I did the tomato canning process by myself last year (more on that here) but it was SO MUCH easier with someone else. C and I had a production line going towards the end, and we ended up with 19 quarts of Whole Peeled Tomatoes and 20 pints of tomato sauce in about 7 hours. Last year, I had a smaller yield and it lasted all the way until July, so I am confident that we both have enough for the winter and no one will get scurvy.
How did you do it? You might ask. All of that is below. While it was a long (LONG) day, I am so happy we did it, and I was so lucky to have C stick it out with me.
8AM – Already at the farmers market, doing the rounds to find the best deal on tomatoes. Romas work best for whole peeled canning, and Romas and Beefsteaks work great for Sauce. We ended up with 25lbs Romas, 25lbs Beefsteaks, and 50lbs Striped Heirloom Romas. (total cost for tomatoes ~$90)
10AM – Prepare the cans. I did this by running them through the dishwasher on high. Other options include boiling them in a pot for a bit (what I did last year) or putting in an oven for a bit. Since we had a ton of cans, I figured a mass sterilization approach would be best.
11AM – Start the sauce. For the sauce, we used a massive (9 gallon) stockpot. We blanched, iced, peeled, and cored roughly 40lbs of the tomatoes, 25lb Striped Roma and ~15lb Beefsteak. Before blanching, we scored an x in the bottom of tomatonce cored. Once peeled, we broke them up into chunks and put them in the pot and brought to boil. We continued in this fashion until all the tomatoes we wanted to use were in the pot. It took a while.

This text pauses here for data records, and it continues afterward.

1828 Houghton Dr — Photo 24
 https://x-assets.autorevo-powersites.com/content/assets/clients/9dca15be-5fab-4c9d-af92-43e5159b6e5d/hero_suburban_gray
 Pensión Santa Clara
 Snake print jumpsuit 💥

1PM – Mill the sauce. Once we had all of the tomatoes in the pot and at a boil, we ran the sauce through a medium mesh of the food mill. This is no ones favorite process. It takes forever to mill the sauce down and it doesn’t look like much is happening even though it is. Very frustrating. Slowly but surely we got through the tomatoes and had our strained sauce.
2PM – Simmer down the sauce – This is another long process in a series of long processes. The sauce needs to simmer for a long while to get some of the water out of the sauce. It is certainly a patience game. Once we got down to the end of simmering process, we prepared the canning lids for processing by putting them in boiling water and removing the pan from heat.
2:40PM – Fill all of the prepared pint jars with the sauce and top with lids and rings and process in large pot for 45 minutes.
3PM – Start blanching and peeling the potatoes for the whole peeled tomatoes. As the tomatoes were blanched and peeled, we put them right into the prepared quart jars with two sprigs of basil and two tablespoons of lemon juice/quart.
4PM – As we got enough jars to fill a processor, we would just start boiling the cans, so from ~2:30 on we always had jars in the processor ~8/time and for 45 minutes each. We had two processors going at once, which was crucial to getting the processing situation over with.
5:30 – Last jars go into the processor! Marathon day of conning complete. Victory. Now for the getting the tomatoes out of the nails. That process takes forever.